Each historical novel is different, and each requires attention to the balance of the book, depending on whether it is a thriller, a saga, a romance, or a portrait of a well-known figure. A recent historical novel I read was very heavy on the dialogue – and there is nothing wrong with that – the effect it had was to draw you into the characters conversation, and make the characters the major attraction of the novel. In other books the setting predominates, and gives us a feeling of being immersed in that time or place. So it is all a question of finding the balance you want to achieve. With this in mind I thought it useful to lay out the different elements you might find in what I call a scene.
- Setting or scene description – in the old days this often used to be a block of actual description at the beginning of the novel. Now we have become much better at inserting it into a scene, in between other moments of action or dialogue.
- Action – What people actually do in a scene. Sometimes people don’t actually do much in a scene; they talk, they think, they muse, they remember – I urge you to have someone actually do something physical in every scene.
- Timing – time can pass slowly in a scene, or move quickly. Dialogue and short sentences shorten the perception of time. Long paragrapphs and sentences draw it out. So does musing, remembering and internal monologue. There is a sense in which historical feeling can lead to long convoluted sentences, in an attempt to sound ‘old-fashioned’. Notice what units of time are in your scene and how you are indicating the passage of time.

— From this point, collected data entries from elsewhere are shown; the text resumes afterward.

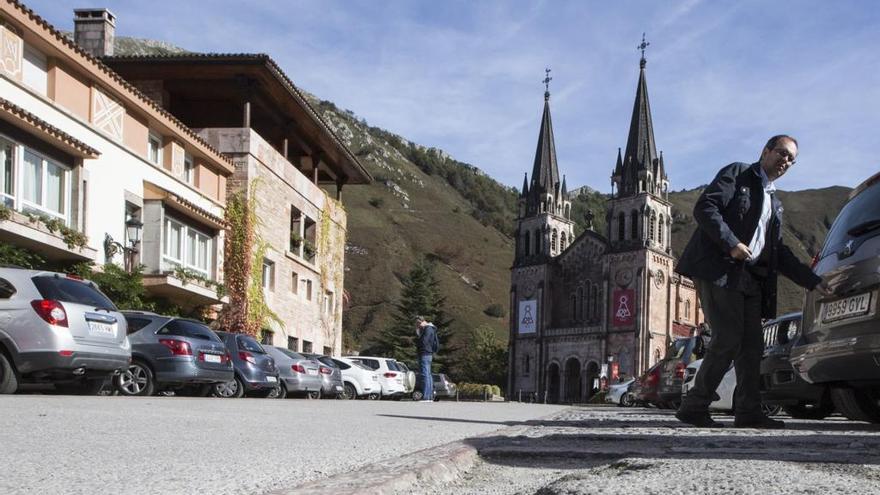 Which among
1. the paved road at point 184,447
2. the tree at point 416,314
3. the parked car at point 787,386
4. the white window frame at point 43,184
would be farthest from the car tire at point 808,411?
the tree at point 416,314

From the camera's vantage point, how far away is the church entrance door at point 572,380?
292 feet

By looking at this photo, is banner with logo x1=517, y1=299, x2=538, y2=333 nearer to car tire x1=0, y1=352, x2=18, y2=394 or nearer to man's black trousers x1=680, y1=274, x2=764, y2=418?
car tire x1=0, y1=352, x2=18, y2=394

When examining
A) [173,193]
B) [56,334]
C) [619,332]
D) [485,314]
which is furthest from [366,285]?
[56,334]

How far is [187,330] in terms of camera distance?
16609 millimetres

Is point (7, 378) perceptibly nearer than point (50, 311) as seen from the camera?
Yes

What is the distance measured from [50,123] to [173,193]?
506cm

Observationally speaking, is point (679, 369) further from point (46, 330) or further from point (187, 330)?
point (46, 330)

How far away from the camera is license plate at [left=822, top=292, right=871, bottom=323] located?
23.0 feet

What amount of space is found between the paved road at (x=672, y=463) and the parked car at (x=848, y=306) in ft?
2.02

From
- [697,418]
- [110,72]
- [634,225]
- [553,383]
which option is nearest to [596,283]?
[634,225]

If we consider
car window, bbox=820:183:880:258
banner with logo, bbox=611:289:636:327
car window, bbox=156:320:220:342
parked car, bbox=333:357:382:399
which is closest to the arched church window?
banner with logo, bbox=611:289:636:327

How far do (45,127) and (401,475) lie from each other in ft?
61.6

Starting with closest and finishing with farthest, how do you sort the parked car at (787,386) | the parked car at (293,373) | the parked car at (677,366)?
the parked car at (787,386) → the parked car at (677,366) → the parked car at (293,373)

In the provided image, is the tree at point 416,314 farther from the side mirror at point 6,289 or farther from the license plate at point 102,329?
the side mirror at point 6,289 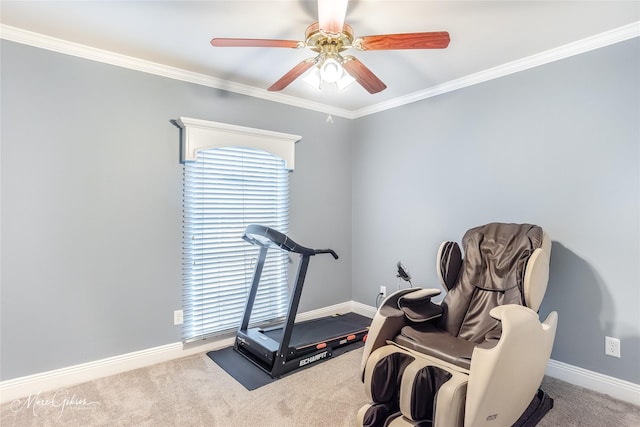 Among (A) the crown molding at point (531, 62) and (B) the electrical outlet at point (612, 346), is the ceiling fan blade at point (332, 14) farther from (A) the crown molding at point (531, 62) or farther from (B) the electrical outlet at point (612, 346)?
(B) the electrical outlet at point (612, 346)

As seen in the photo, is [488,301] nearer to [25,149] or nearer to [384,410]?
[384,410]

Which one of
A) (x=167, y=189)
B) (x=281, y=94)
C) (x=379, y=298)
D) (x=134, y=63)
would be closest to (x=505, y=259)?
(x=379, y=298)

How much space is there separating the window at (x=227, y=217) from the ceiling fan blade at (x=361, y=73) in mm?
1416

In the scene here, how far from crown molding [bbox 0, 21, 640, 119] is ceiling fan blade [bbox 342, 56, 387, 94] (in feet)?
4.25

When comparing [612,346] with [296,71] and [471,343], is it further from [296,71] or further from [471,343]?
[296,71]

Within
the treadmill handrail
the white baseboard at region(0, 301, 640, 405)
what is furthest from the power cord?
the white baseboard at region(0, 301, 640, 405)

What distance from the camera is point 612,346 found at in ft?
7.75

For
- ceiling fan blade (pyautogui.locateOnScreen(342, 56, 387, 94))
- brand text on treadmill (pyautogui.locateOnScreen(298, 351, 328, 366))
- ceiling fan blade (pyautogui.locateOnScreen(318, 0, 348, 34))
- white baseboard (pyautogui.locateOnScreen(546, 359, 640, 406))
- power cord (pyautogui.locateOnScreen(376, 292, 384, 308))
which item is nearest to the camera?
ceiling fan blade (pyautogui.locateOnScreen(318, 0, 348, 34))

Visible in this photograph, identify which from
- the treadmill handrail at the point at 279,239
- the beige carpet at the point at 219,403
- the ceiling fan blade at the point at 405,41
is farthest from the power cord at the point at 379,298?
the ceiling fan blade at the point at 405,41

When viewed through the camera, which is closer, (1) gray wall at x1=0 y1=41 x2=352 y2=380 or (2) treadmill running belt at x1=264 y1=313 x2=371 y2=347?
(1) gray wall at x1=0 y1=41 x2=352 y2=380

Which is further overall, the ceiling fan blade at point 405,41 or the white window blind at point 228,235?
the white window blind at point 228,235

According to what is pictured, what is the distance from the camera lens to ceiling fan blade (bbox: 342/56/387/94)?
78.3 inches

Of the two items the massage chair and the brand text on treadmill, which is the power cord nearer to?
the brand text on treadmill

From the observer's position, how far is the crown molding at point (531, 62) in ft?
7.58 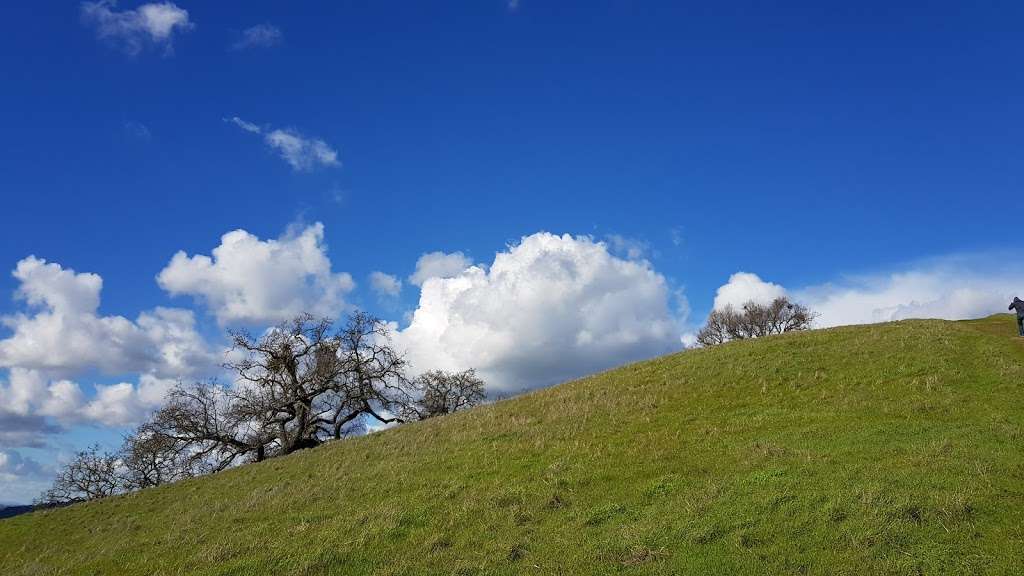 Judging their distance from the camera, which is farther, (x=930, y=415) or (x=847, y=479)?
(x=930, y=415)

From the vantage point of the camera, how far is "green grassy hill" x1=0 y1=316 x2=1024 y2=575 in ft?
36.9

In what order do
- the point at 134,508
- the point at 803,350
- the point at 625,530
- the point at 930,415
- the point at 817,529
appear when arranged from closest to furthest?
the point at 817,529, the point at 625,530, the point at 930,415, the point at 134,508, the point at 803,350

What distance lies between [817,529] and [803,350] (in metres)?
21.1

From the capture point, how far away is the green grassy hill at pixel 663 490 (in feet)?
36.9

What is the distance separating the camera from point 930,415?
739 inches

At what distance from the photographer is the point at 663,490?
15.1 metres

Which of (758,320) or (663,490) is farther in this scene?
(758,320)

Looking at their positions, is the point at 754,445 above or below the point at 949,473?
above

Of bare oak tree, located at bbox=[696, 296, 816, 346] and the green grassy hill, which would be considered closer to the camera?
the green grassy hill

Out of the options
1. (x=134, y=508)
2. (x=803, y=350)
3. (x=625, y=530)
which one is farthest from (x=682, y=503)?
(x=134, y=508)

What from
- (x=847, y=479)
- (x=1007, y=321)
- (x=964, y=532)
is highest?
(x=1007, y=321)

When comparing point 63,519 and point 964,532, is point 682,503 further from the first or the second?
point 63,519

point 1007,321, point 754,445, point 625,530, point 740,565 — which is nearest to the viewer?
point 740,565

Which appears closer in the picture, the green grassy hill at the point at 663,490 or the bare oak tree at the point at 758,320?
the green grassy hill at the point at 663,490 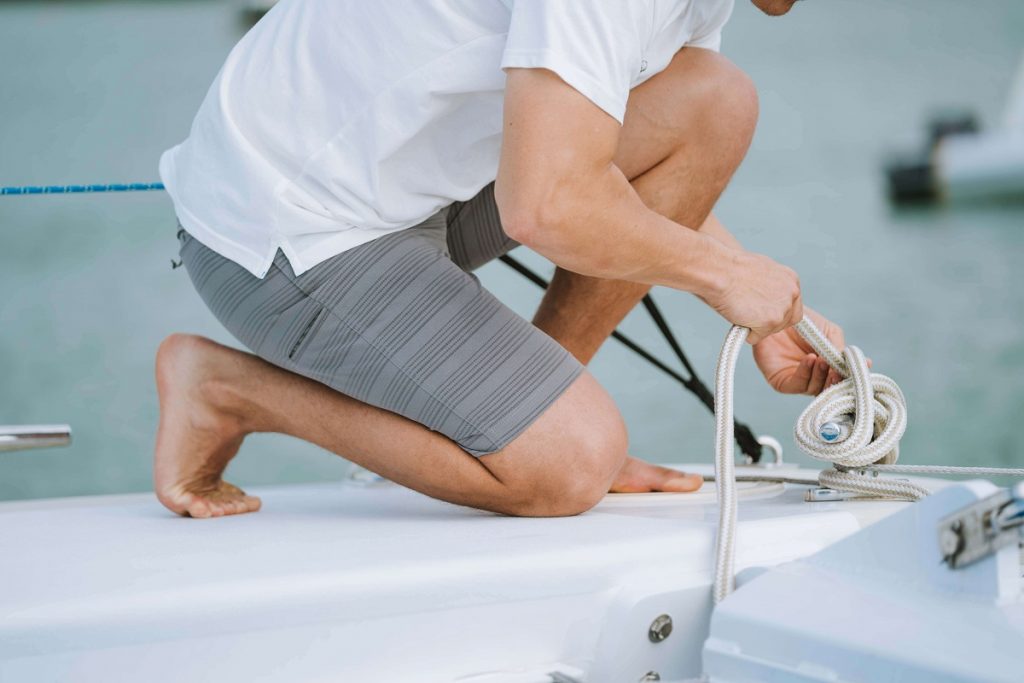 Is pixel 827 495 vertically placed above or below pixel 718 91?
below

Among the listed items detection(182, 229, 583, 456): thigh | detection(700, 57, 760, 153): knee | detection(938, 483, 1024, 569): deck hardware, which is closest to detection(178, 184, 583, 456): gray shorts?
detection(182, 229, 583, 456): thigh

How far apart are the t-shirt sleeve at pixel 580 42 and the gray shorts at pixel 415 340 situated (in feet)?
1.11

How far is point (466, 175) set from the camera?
1.45 meters

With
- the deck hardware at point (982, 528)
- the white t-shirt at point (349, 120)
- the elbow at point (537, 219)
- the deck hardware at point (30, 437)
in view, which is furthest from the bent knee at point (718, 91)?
the deck hardware at point (30, 437)

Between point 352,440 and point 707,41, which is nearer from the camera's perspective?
point 352,440

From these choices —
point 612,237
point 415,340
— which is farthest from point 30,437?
point 612,237

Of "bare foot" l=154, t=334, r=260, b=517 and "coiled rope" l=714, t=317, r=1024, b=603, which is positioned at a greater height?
"coiled rope" l=714, t=317, r=1024, b=603

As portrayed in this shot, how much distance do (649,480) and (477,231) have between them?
40 cm

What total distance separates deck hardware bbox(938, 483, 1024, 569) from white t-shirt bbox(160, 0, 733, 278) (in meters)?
0.55

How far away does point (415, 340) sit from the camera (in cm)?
139

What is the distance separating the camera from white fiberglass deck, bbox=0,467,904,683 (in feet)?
3.11

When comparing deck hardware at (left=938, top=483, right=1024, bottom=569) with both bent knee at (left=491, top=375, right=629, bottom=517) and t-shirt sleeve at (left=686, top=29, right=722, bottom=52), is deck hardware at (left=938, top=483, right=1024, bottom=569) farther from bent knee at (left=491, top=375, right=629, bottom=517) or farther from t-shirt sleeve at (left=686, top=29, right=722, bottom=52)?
t-shirt sleeve at (left=686, top=29, right=722, bottom=52)

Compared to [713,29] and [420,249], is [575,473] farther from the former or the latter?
[713,29]

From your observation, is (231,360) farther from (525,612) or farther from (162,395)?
(525,612) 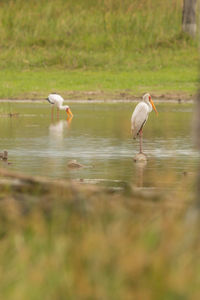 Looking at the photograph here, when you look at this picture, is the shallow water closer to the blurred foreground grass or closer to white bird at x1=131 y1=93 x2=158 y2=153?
white bird at x1=131 y1=93 x2=158 y2=153

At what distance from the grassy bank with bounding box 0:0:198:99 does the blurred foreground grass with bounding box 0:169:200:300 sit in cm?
2399

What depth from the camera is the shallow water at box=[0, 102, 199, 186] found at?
1221 centimetres

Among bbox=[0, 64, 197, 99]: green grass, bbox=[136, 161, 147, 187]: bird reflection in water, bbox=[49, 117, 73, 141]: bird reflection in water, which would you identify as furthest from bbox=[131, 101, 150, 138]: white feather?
bbox=[0, 64, 197, 99]: green grass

- Dialogue – Some characters were denied the right to equal speech in the past, and their lack of speech can indicate their status. Not every character has to speak. Some can act instead. Some successful novelists like to write books as if the events of the past are happening today – with all the modern colloquialisms. Others strive for authentic historical flavour in their dialogue. But the balance of dialogue in your scene, will affect the pace of your book, so note carefully how much dialogue you use.
- Interior monologue – Thrillers and action-centred novels (in general) contain less interior monologue than character-driven historical novels. Interior monologue slows the action because the person cannot converse with themselves so easily when moving (or being chased by an assassin!)
- Summary – When years or decades pass, you will need to summarize events. Also if something is habitual – e.g. ‘He returned several times, but she was never there.’ Brief summary is always better than long summary, so condense it as much as you can. Summaries are supposed to be brief.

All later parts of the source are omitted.